Description of the task: Copy out exactly the stretch below, from the line with "Crossed flags of" through the line with "waves and boats Wineglass Bay", both included; the pictures stay out.

Records provided:

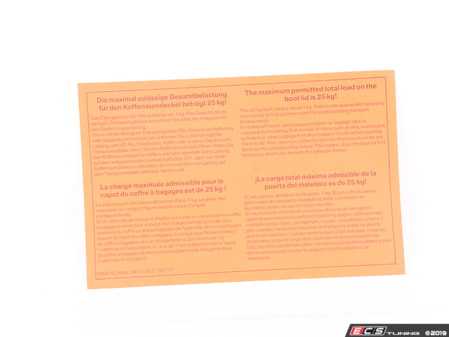 ES#12612 - 01290150777 - LABEL - Genuine BMW - BMW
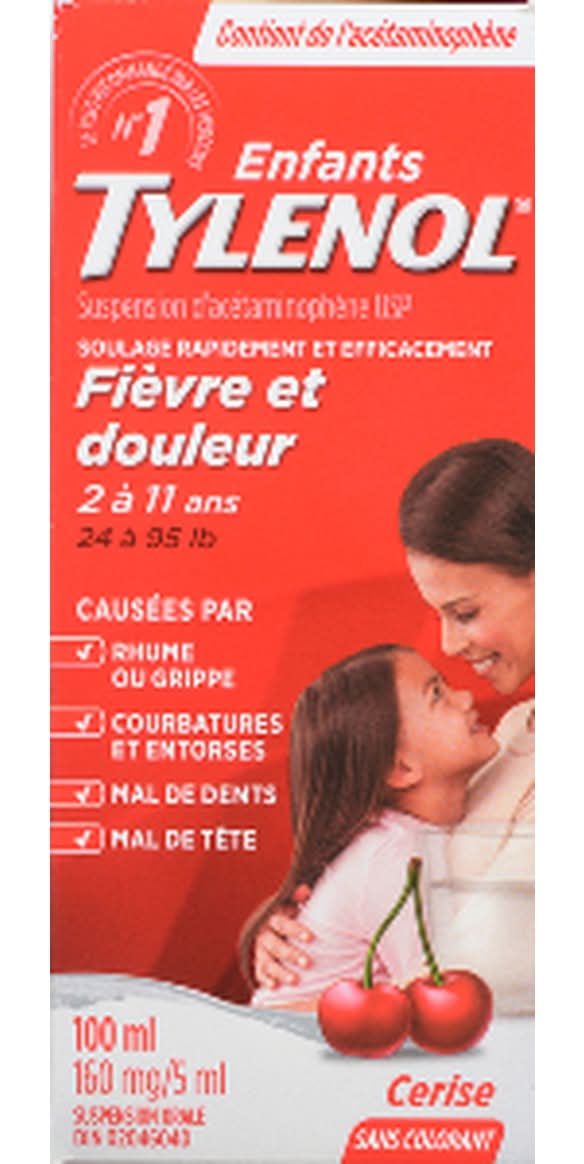 Tylenol Children's Fever & Pain Suspension Liquid 160 mg For Ages 2-11 Years, Cherry (100 ml)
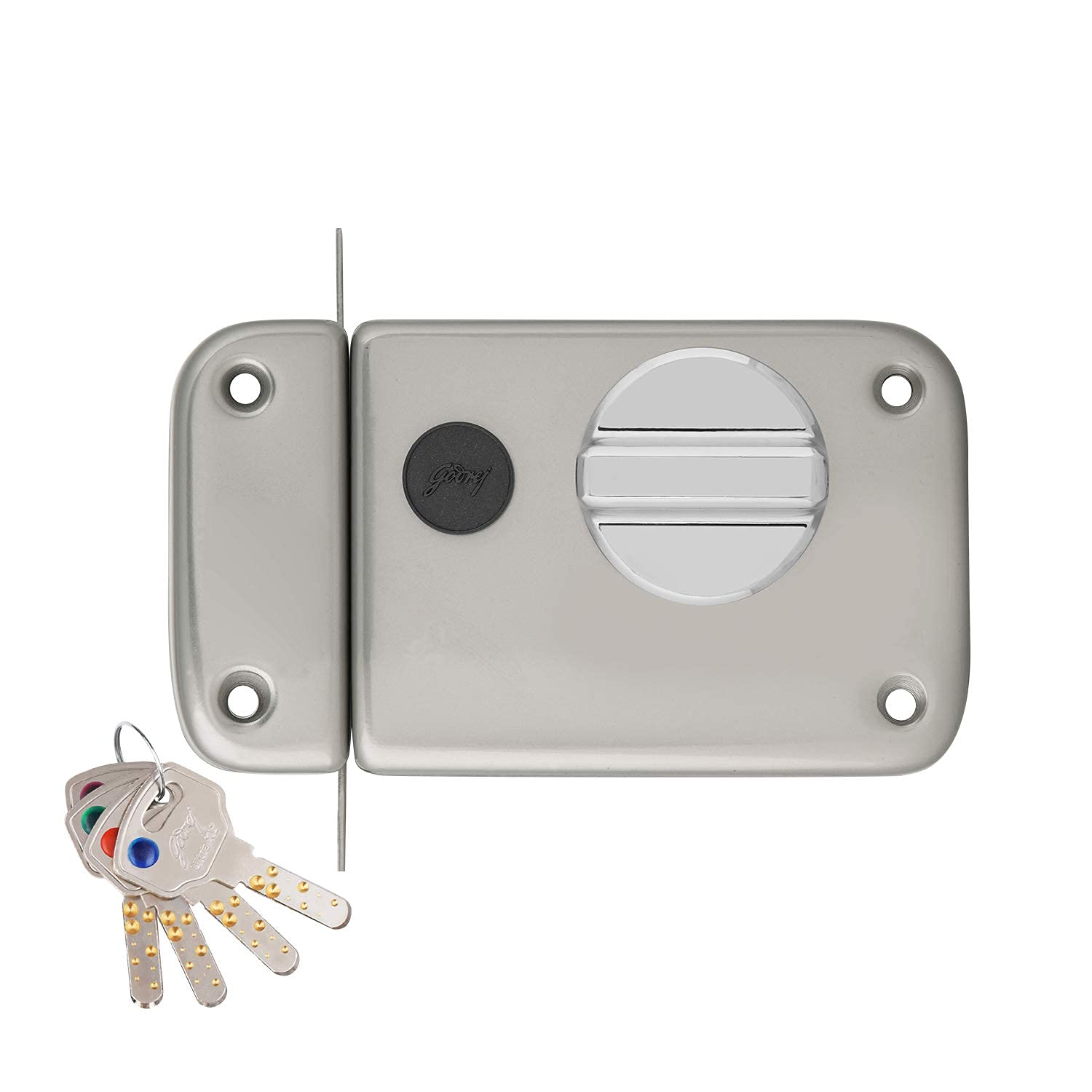 Godrej Rim Lock I Rim Deadbolt Ultra XL+ I 1CK Deadbolt I for Inside Opening Wooden Main Door | Left/Right Handed Doors I 4 Keys I 5-Year Warranty I Manual Locking I Satin Nickel Finish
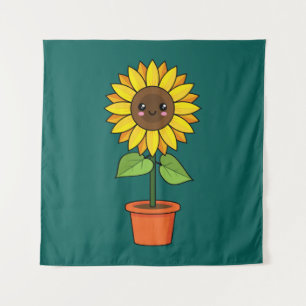 Tenture Plante de tournesol Kawaii dans un pot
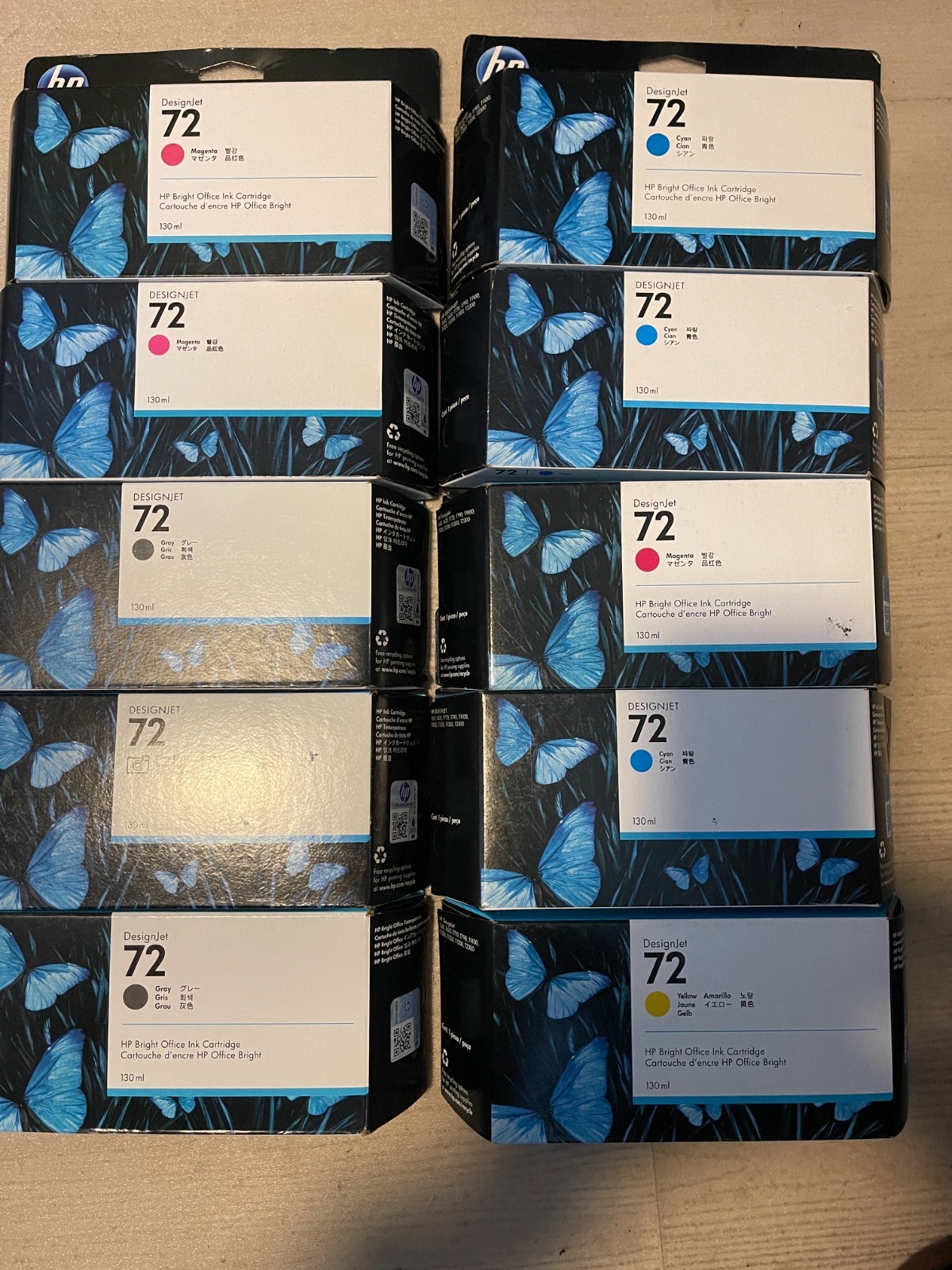 LOT OF 10: GENUINE - HP DESIGNJET 72 C9403A C9371A C9372A C9373A C9374A - EXPIRE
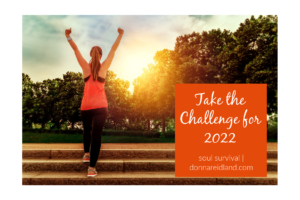 Runner in a victory stance with text that reads, Take the Challenge for 2022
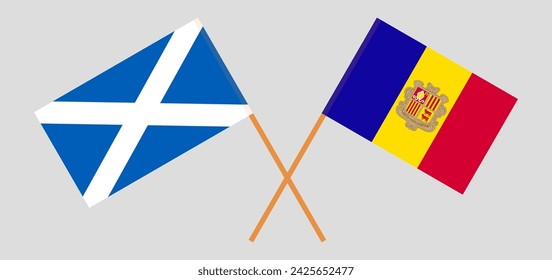 Crossed flags of Scotland and Andorra. Official colors. Correct proportion. Vector illustration

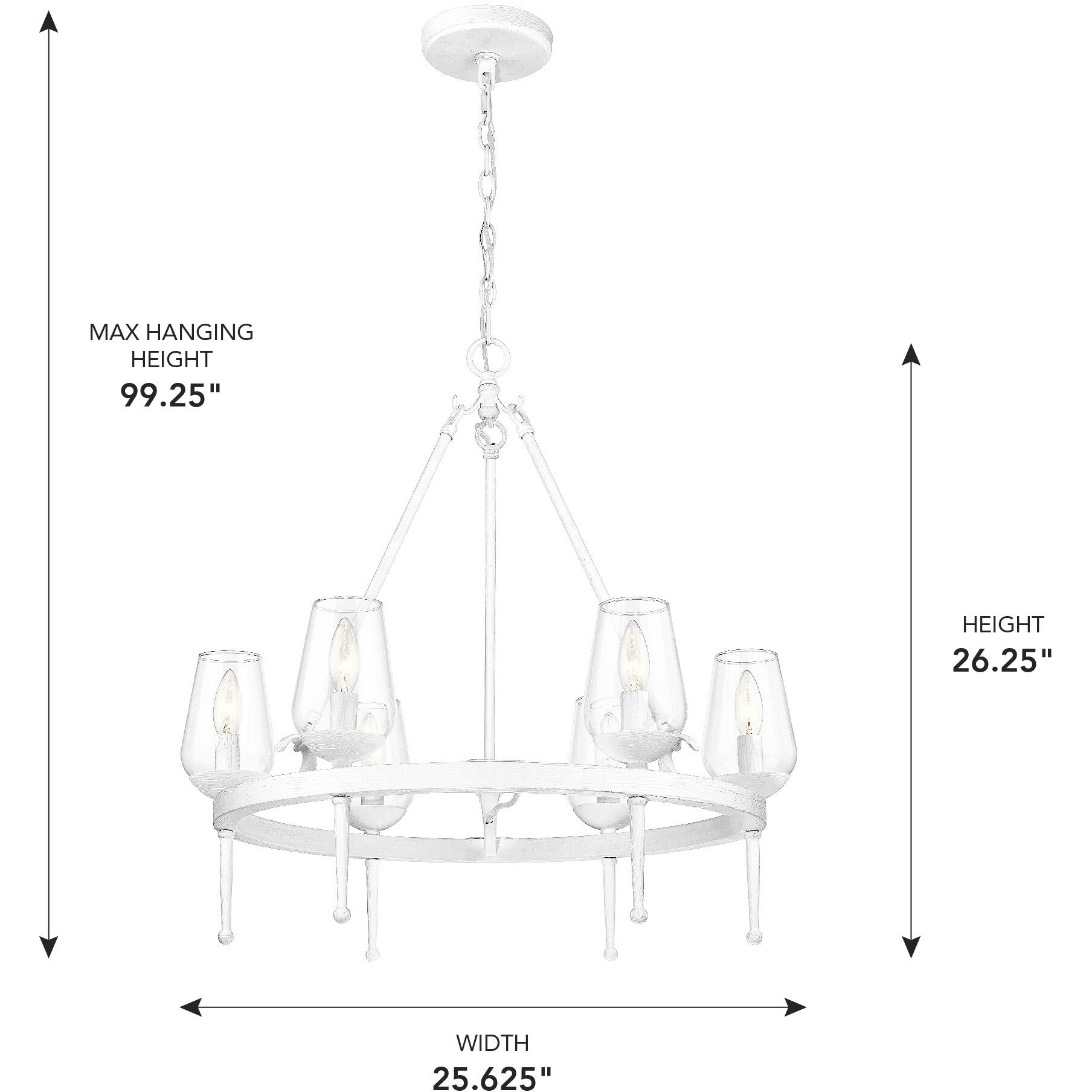 Regent 25.63 inch 60.00 watt Textured White Plaster Chandelier Ceiling Light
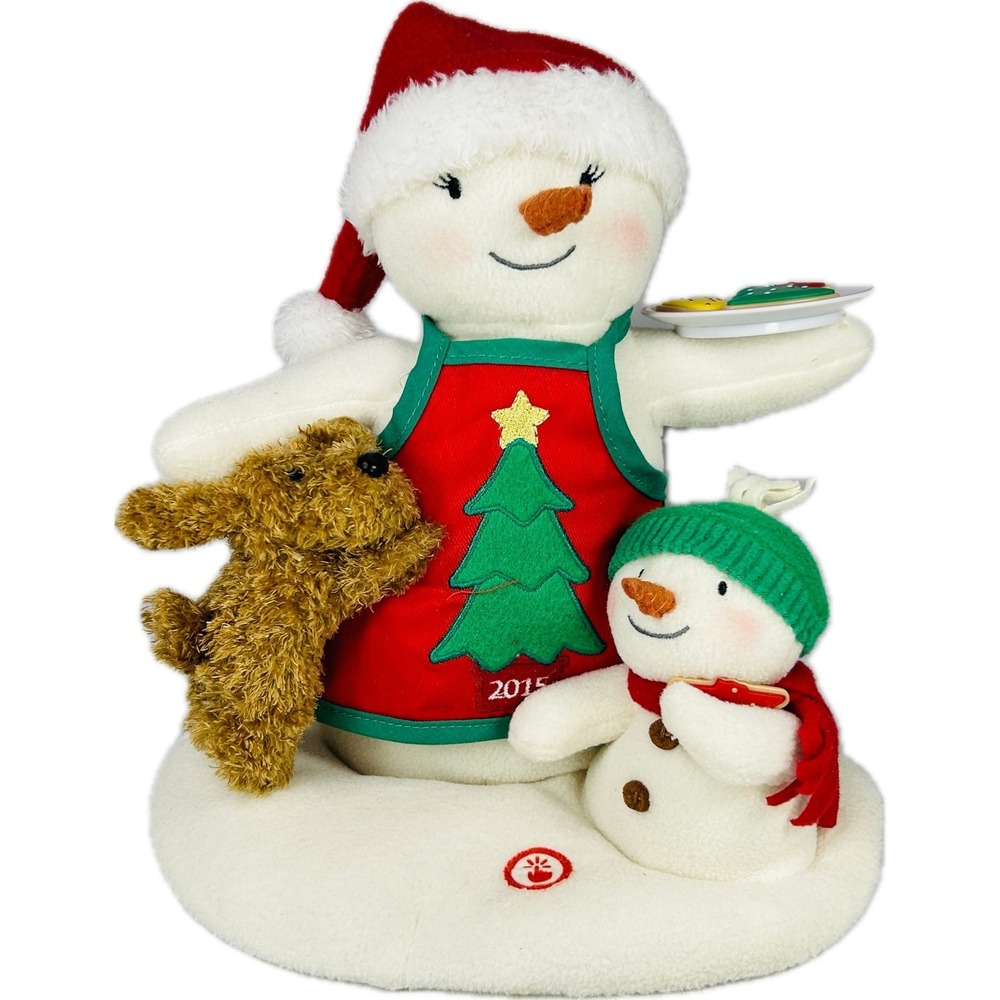Hallmark TIME FOR COOKIES 2015 Jingle Pals Plush Motion Sound Snowmen Dog Video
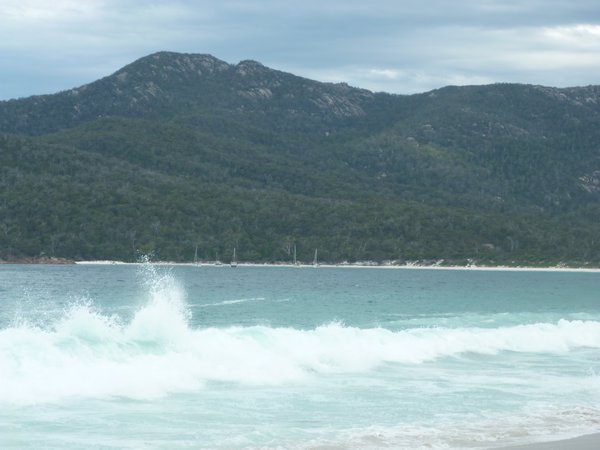waves and boats Wineglass Bay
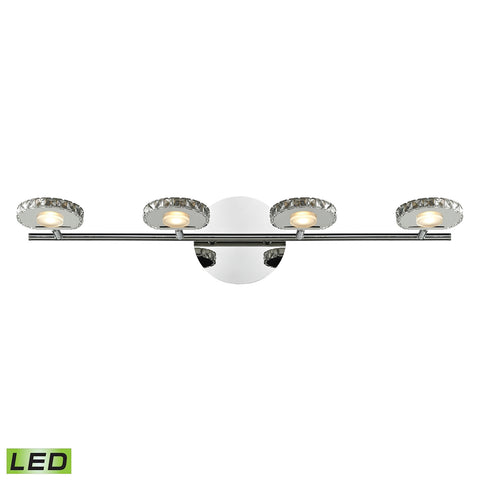 Spiva 4 Light Vanity In Polished Chrome With Crystal Banding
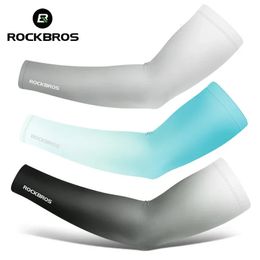 ROCKBROS Arm Sleeves Gradient Colour Running Fishing Sunscreen Sleeve Summer Cool Quick Dry Breathable Ice Silk Cycling Equipment 240320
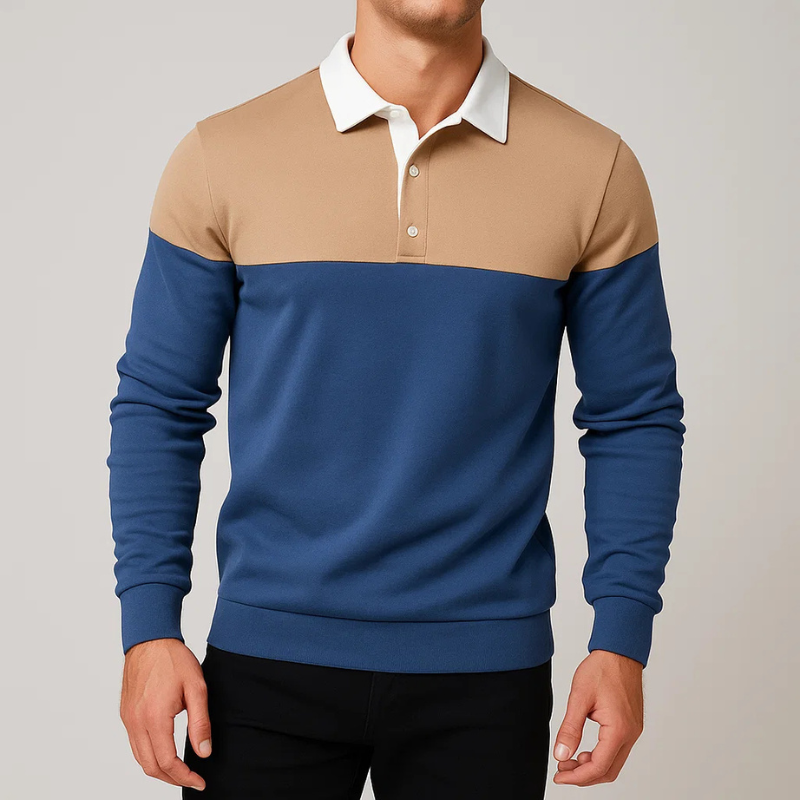 Stylish man wearing a tailored fit long sleeve cotton polo shirt, ideal for casual and smart casual occasions.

Expected output:
 Crossed flags of Scotland and Andorra. Official colors. Correct proportion. Vector illustration

 Regent 25.63 inch 60.00 watt Textured White Plaster Chandelier Ceiling Light
Hallmark TIME FOR COOKIES 2015 Jingle Pals Plush Motion Sound Snowmen Dog Video
waves and boats Wineglass Bay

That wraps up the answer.